Amortized Analysis of Doubling Table

Double size of table whenever it's about to overflow.

Cost of $i$ ^th insert is

$1+2^{k}$ for $i-1=2^{k}$ for some $k\geq 0$
1 otherwise

Aggregate

$n$ insert operations cost

$\sum _{i=1}^{n}c_{i}\quad \leq \quad n+\sum _{j=0}^{\log {n}}2^{j}=n+(2n-1)\quad <\quad 3n$

Thus amortized cost is at most ${\frac {3n}{n}}=3$

Accounting

Charge $3 for each operation, where the operation actually costs $1.

Assume after growing the table, all previous elements have already paid their dues and no money is left over. (like social security for data structures). Each element in the new half of the array has to pay for

its own insertion,
its future move, and
the move of one other element in the old half.

Graph Algorithms

A graph consists of vertices that are connected by edges

Assume the edges are undirected

We say two vertices are adjacent when they are connected by an edge.

Representations

Let $n$ represent the number of vertices and $m$ represent the number of edges.

Adjacency List

Bucket list for each vertex; contains a list of adjacent vertices

a	→	b	c
b	→	a	d	e
c	→	a	d
d	→	b	c	e
e	→	b	d

Space efficient (just $O(n)$ for sparse graphs), but requires $O(n)$ time to test adjacency

Adjacency (Incidence) Matrix

Store 0s and 1s in an $n\times n$ matrix, where $M_{ij}$ represents whether there is an edge between vertex $i$ and $j$

The same graph above would be represented by the following adjacency matrix:

	a	b	c	d	e
a	0	1	1	0	0
b	1	0	0	1	1
c	1	0	0	1	0
d	0	1	1	0	1
e	0	1	0	1	0

Requires $\Omega (n)^{2}$ space, but adjacency is $O(1)$ .

Graph Traversals

Breadth First Search (BFS)

def breadth_first_search graph, source
  graph.nodes.each do |v|
    v.visited = false
  end

  q = Queue.new   # FIFO structure
  source.visited = true
  q.enqueue source

  until q.empty? do
    u = q.dequeue
    u.neighbors.select{|v| not v.visited?}.each do |v|
      v.visited = true
      q.enqueue v
    end
  end
end

We can make a spanning tree rooted at the source vertex by remembering the parent of each visited vertex:

def bfs_tree graph, source
  graph.nodes.each do |v|
    v.visited = false
    v.parent = nil              #!
  end

  q = Queue.new
  source.visited = true
  source.parent = source        #!
  q.enqueue source

  until q.empty? do
    u = q.dequeue
    u.neighbors.select{|v| not v.visited?}.each do |v|
      v.visited = true
      v.parent = u              #!
      q.enqueue v
    end
  end
end

This tree is not necessarily unique for a graph (depends on order in which neighboring nodes are processed. Another useful thing we can do is remember the distance from the source node to another node (essentially its height on the BFS spanning tree)

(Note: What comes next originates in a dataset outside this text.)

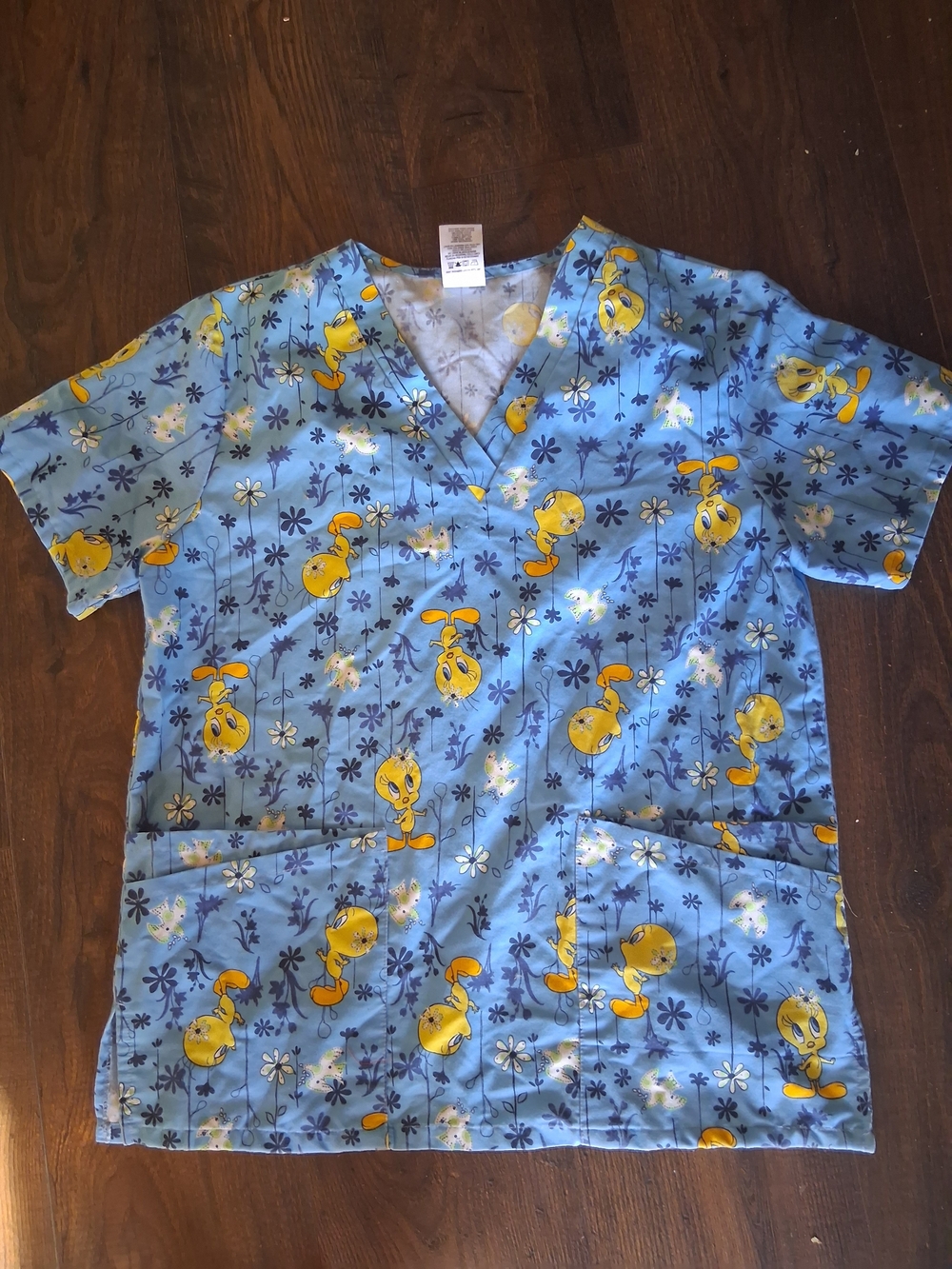 Womans Nursing Scrub Blue Tweety Print Scrub Top Pockets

def bfs_distance graph, source
  graph.nodes.each do |v|
    v.visited = false
    v.distance = Float::INFINITY        #!
    v.parent = nil
  end

  q = Queue.new
  source.visited = true
  source.parent = source
  source.distance = 0                   #!
  q.enqueue source

  until q.empty? do
    u = q.dequeue
    u.neighbors.select{|v| not v.visited?}.each do |v|
      v.visited = true
      v.parent = u
      v.distance = u.distance + 1       #!
      q.enqueue v
    end
  end
end

BFS Theorem

The BFS algorithm:

visits all and only vertices reachable from the source.
sets $d_{v}$ to the shortest path distance from the source $s$ to that vertex $v$ for all vertices is $G$ .
Sets parent pointers to form a shortest path tree (edges unweighted)

Proof by Induction. on distance values $d$

Basis: Distance 0 when at source.
Induction: Assume that the above theorem is true for all nodes at a distance $x-1$ (show that theorem is true for every node $v$ at distance $x$ )

Since a vertex $v$ is at a distance $x$ , it has at least one neighbor at distance $x-1$ . Let $u$ be the first of these neighbors that is enqueued. When $u$ is dequeued, $v$ is still unvisited. When $v$ is finally visited, $d_{v}$ will be set to $d_{u}+1$ . By the inductive hypothesis, $d_{u}=x-1$ , so $d_{v}=x$